• **The task**
In the data below, locate the line containing "Black man in" and the line containing "Man Jumping Up", then retype both and everything between them exactly. Pictures are not part of the copy.

═════ Data section

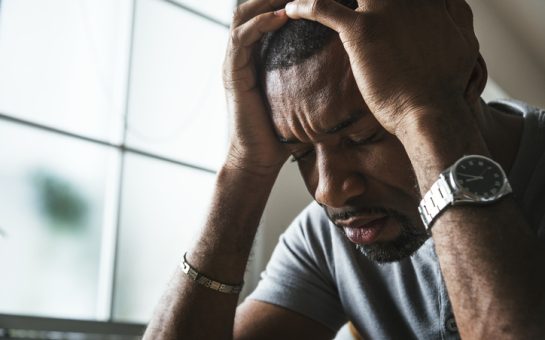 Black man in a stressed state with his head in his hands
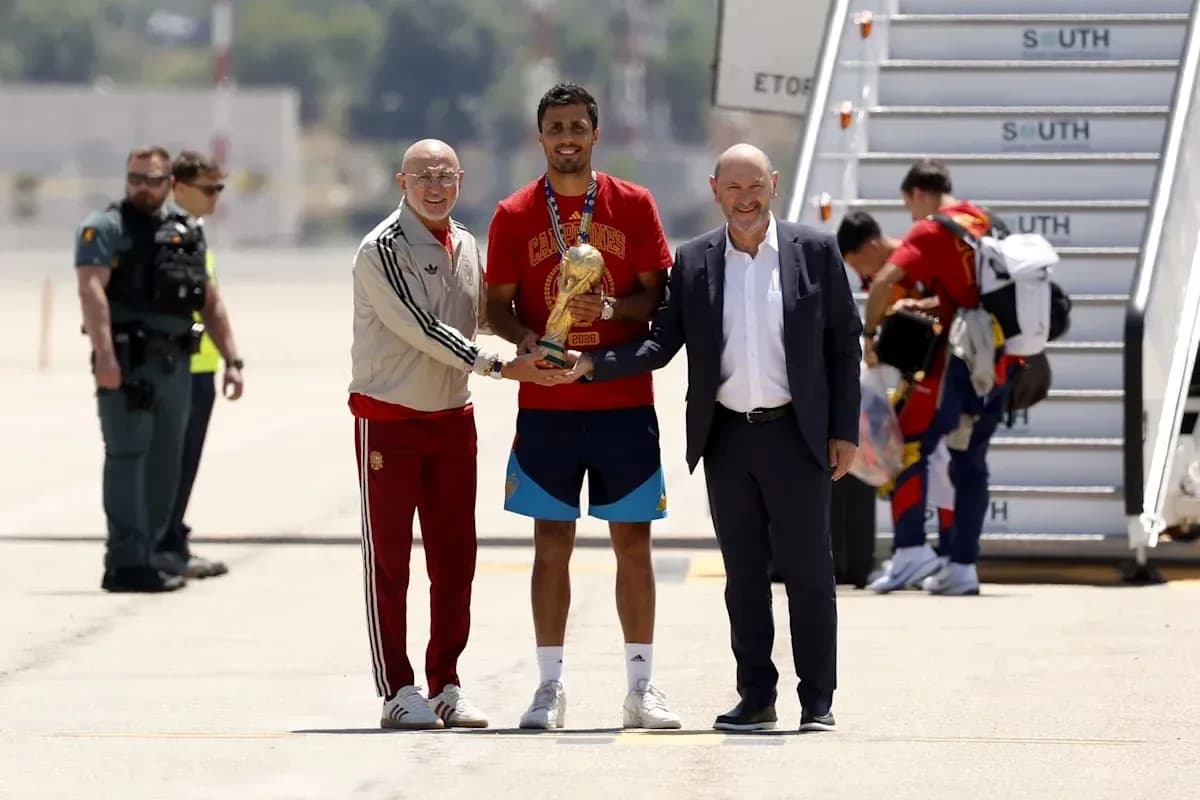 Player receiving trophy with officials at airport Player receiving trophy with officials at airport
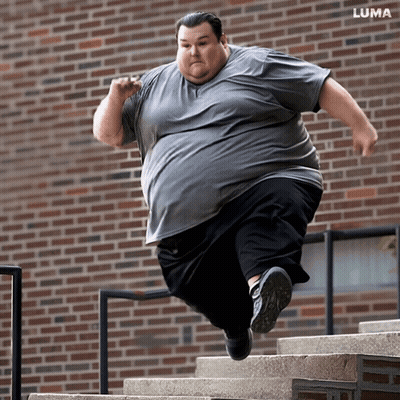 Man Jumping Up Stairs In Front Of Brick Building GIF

══════════
═════ Data section

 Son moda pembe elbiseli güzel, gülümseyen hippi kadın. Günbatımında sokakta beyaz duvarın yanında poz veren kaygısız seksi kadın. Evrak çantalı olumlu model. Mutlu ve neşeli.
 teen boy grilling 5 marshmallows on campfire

══════════

• **Written reply**
 Black man in a stressed state with his head in his hands
 Player receiving trophy with officials at airport Player receiving trophy with officials at airport
 Man Jumping Up Stairs In Front Of Brick Building GIF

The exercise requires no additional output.